Last night, the wildlife advocates told the Committee that if this trapping / hunting problem is not solved, the significant economic, scientific, and ecological value of these Denali wolf family groups will continue to be degraded and/or lost. As well, the growth potential for tourism based on wolf viewing at Denali, and the unique opportunity for science, will not be fully realized.

The Solution:

One solution to provide additional protection to Denali wolves in consideration is to have the National Park Service acquire or trade for the state lands in question along the northeast boundary of the Park, and place them under federal management as part of Denali National Park. This would be controversial among local landowners (including the state, borough, and others), but would be the best way to permanently protect park wildlife. Another solution in consideration is to attach conditions to the transfer of federal Pittman-Robertson funds to ADF&G (about $14 million this year) that would require the state to provide reasonable protections to wildlife that range across boundaries of federally protected areas onto state lands. This too would be controversial in ADF&G and local hunter-related groups. Thus, an expanded no-take buffer at Denali is the most immediate action the Alaska Board of Game can take to protect Denali wolves.

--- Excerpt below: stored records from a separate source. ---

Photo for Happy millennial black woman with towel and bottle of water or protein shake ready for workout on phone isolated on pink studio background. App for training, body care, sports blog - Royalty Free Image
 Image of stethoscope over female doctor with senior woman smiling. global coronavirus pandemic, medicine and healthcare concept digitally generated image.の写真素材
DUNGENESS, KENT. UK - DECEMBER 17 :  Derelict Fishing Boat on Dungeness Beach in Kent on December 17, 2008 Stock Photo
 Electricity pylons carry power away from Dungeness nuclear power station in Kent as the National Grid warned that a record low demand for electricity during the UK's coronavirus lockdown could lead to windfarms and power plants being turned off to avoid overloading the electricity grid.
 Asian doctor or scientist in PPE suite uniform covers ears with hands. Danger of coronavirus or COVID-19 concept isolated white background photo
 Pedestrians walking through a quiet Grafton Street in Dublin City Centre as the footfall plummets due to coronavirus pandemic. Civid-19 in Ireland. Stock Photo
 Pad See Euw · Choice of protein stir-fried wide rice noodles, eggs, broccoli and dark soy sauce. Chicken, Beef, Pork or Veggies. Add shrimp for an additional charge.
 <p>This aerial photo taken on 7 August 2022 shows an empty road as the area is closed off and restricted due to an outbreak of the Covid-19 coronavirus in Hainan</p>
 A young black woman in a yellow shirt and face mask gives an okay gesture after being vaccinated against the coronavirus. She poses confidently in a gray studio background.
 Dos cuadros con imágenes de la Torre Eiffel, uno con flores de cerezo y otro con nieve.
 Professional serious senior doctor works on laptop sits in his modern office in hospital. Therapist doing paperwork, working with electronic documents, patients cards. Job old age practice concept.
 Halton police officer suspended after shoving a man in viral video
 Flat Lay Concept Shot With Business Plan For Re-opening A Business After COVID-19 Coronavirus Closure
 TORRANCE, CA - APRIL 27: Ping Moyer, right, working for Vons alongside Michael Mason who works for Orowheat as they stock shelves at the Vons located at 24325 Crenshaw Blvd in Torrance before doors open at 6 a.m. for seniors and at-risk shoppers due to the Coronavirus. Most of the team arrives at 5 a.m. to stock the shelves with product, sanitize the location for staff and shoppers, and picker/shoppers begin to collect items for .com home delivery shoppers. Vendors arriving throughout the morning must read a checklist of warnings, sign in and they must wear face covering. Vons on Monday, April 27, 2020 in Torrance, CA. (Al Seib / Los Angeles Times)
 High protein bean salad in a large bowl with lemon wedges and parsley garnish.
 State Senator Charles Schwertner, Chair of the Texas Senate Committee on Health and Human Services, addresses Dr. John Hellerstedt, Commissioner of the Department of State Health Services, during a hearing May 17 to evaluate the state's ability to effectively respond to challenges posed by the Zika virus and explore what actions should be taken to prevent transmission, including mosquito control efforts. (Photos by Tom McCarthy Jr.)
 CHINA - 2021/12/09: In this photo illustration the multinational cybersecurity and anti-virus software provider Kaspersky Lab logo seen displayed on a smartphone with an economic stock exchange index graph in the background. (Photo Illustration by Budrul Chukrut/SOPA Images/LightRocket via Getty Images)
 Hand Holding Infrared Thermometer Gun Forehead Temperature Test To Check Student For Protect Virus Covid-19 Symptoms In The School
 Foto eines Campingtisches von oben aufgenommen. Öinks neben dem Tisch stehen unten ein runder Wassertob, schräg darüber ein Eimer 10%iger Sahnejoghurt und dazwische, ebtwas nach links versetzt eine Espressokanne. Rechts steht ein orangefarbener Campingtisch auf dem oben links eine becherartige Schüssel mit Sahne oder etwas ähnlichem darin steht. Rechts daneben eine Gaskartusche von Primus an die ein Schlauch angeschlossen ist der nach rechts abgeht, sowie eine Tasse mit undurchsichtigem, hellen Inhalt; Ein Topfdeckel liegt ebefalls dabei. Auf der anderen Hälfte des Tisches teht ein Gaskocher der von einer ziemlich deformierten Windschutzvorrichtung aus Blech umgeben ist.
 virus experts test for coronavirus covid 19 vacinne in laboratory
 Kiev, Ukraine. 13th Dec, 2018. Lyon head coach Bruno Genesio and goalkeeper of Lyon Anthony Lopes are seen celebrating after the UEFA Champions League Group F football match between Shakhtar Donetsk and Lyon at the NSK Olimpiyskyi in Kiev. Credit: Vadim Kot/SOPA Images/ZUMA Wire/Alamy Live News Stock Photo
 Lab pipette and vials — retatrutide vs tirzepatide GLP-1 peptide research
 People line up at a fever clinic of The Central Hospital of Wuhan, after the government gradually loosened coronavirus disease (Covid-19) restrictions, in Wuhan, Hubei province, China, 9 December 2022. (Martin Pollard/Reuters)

So the group of wildlife advocates proposed last night that the Anchorage Advisory Committee sponsor a proposal to the Alaska Board of Game that will expand the current wolf protection area – the “buffer” closed to trapping and hunting of wolves – to encompass a greater portion of the traditional ecological range of Denali National Park wolves. The proposal is to keep the current 90 square mile buffer in place, and expand its boundaries to include the entire Stampede Trail / Wolf Townships area northeast of the park boundary, and the area to about 10 miles east of the Nenana River and Parks Highway. The proposal would prohibit any hunting or trapping of wolves in this 600 square mile region outside the park, much as did the original buffer that was in place for only 2 months in 1992, and will afford Denali wolves the protection they so richly deserve.

After hours of impassioned public testimony and heated discussion, the Anchorage Advisory Committee voted 6 to 3 to sponsor the proposal to the Alaska Board of Game, which will now take up this proposal at its February – March 2010 meeting in Fairbanks. There will be other proposals to the Board to eliminate the Denali wolf buffer altogether, and some proposing more limited protections. But clearly, if the goal is to protect Denali park wolves as completely as possible, then the Anchorage Fish & Game Advisory Committee proposal is the best action to accomplish this.

If the Anchorage Advisory Committee proposal is adopted by the Board of Game this winter, then the 450,000 visitors / year to Denali National Park will benefit from increased wolf viewing success, thus enhancing the tourism economy at Denali and the state. Scientifically, the long-studied Denali wolves will now be protected, and thus provide opportunity to study long-term population and social dynamics of unexploited wolf family groups. The solution proposed would establish the only protected wolf family groups anywhere in Alaska, thus providing unique scientific opportunities. And as there are only 3 or 4 primary recreational wolf trappers who would be impacted by the proposal, and as these individuals have other accessible areas to replace the area that would be closed to wolf-killing by this proposal, the impact to them would be negligible.

When the Board of Game publishes its proposal booklet in early January for the upcoming meeting in Fairbanks, then letters of support to the Board for the Anchorage Advisory Committee proposal for the Denali buffer will be very helpful in convincing the Board to adopt the proposal.

This is as close to a win-win in wolf protection as it gets. Last night was one small step for Denali wolves, one giant leap for Alaska wildlife across the state.